Keras is an open-source, high-level, deep learning API developed by Google for implementing artificial neural networks. It can run on Tensorflow, Theano, Microsoft Cognitive Toolkit, and many other platforms.
Numpy is the most popular package for scientific computing with Python. It is used for machine learning, data science, visualization, Array libraries, image processing, signal processing, etc. Numpy also powers many other scientific and machine learning libraries.
Other Python-based machine learning libraries include SCIPY, SCIKIT-LEARN, PYTORCH, PANDAS, THEANO, MATPLOTLIB, NLTK, etc.
Gaining great skills in Python programming for machine learning makes you employable by many companies that use Python for machine learning. You can start your journey to become a machine learning engineer in 3 months with the Udacity machine learning program.
Machine Learning Engineers make an average base salary of $124 240 per year in the United States (indeed.com).
You can also become a web developer by having a good understanding of Python. Python is one of the most popular programming languages in web development. Python was used to build the Instagram backend.
Python is great for web development because Python’s standard library supports many Internet protocols such as HTML and XML, JSON, E-mail processing, Support for FTP, IMAP, and other Internet protocols. It also supports an easy-to-use socket interface.
You can use Python web frameworks such as Django, Flask, Pyramid, FastAPI, Web2Py, Bottle, Tornado, etc. You can use these frameworks to build web applications and APIs. By using these technologies, you can work on a wide range of projects.
There are many companies you can look up to for employment that use these technologies. Some of the popular ones include Meta, Pinterest, Microsoft, Uber, Open Stack, Mozilla, Netflix, National Geographic, Knight Foundation, Disqus, and many others.
If you have a good understanding of Python for app development, you can also get a job as an app developer. You can develop desktop and mobile applications for Windows, macOS, Linux, iOS, and Android.

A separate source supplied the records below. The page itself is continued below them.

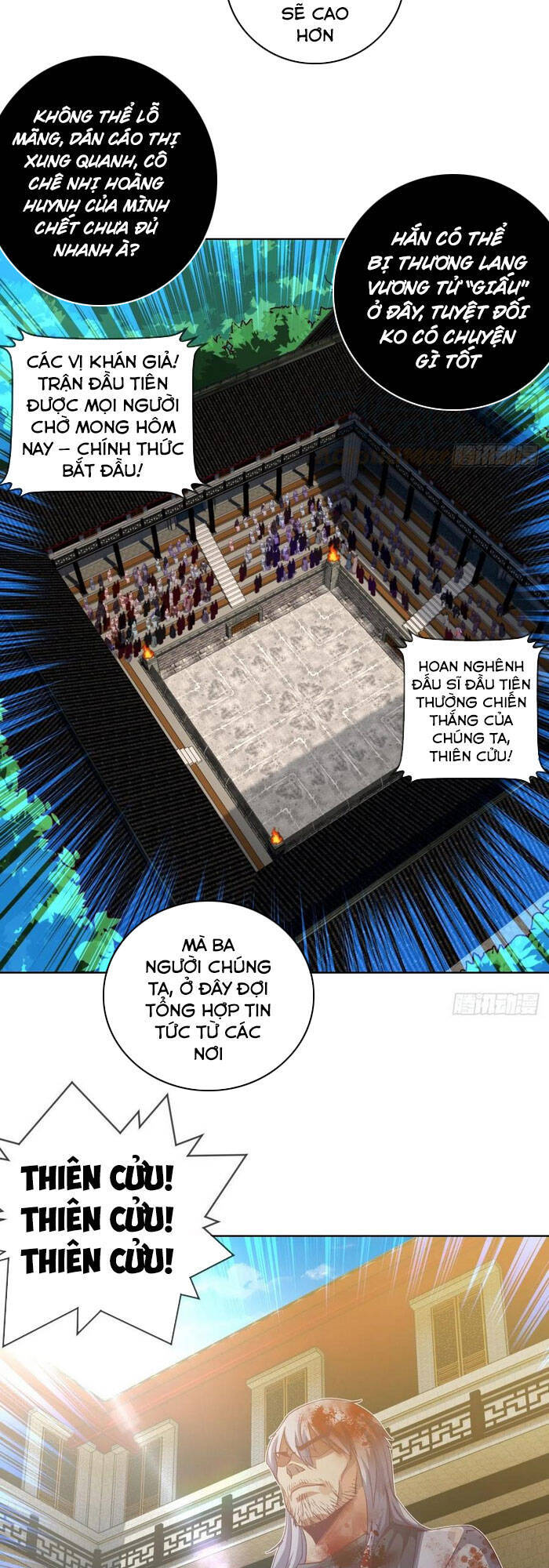 Chiếm Cái Đỉnh Núi Làm Đại Vương Chapter 129 - Trang 2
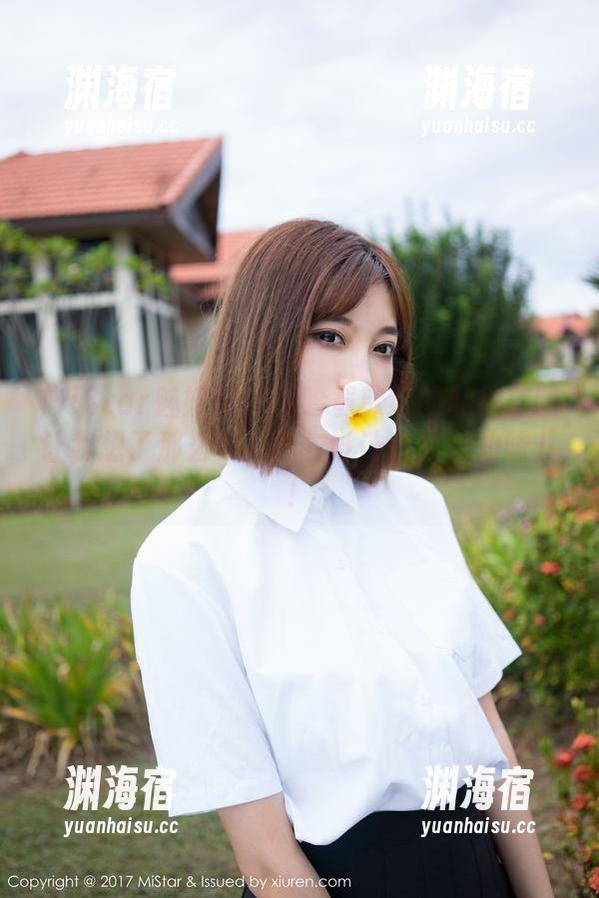 MiStar魅妍社 - 为啥黄歆苑的私拍美图让我想了那么多？内衣设计真有她的味儿！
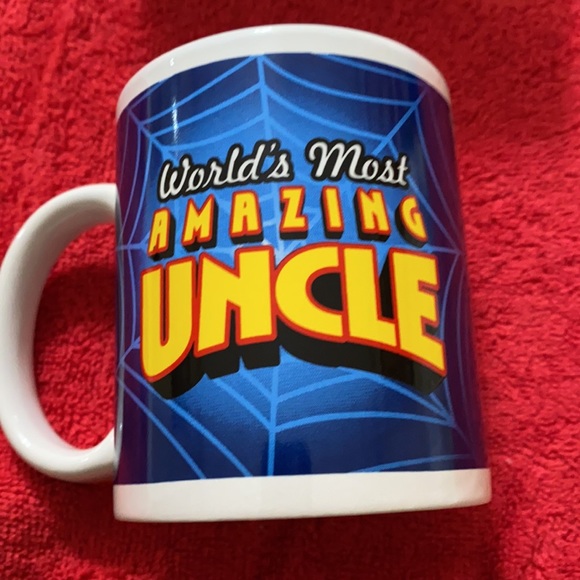 Amazing Uncle Mug for men - Picture 5 of 5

You use Python platforms such as Kivy, Tkinter, PyQt, Pyside, wxPython, PyGObject, etc. these platforms and packages are used by many different companies to make Graphical User Interfaces (GUIs) for Windows, macOS, Linux, iOS, and Android.
Python programming skills can also help you to get a job as a system administrator. Python has many great automation platforms that make applications and systems easier to deploy and manage.
You can use platforms such as Ansible, Open Stack, Salt, Xonsh, and many others. These technologies are used by many companies for system administration. Having great skills in these platforms will open up many employment opportunities for Python programmers.
Python is also popular for building testing tools, business applications, and scientific computing.
It can be seen that there are a lot of opportunities in different fields for Python programmers. Python allows you to work on a wide array of projects. Ultimately, Python is enough to get a Job in many tech companies, as long as you can invest your time in enhancing your development skills.
As you develop your technical skills, you should also work on developing your soft skills such as communication, teamwork, organizational, time management, decision-making, critical thinking, etc.
You must also invest time to learn Data structures and Algorithms. Most, if not all major tech companies require a good understanding of data structures and algorithms. Python makes it easy to work with Data Structures and Algorithms.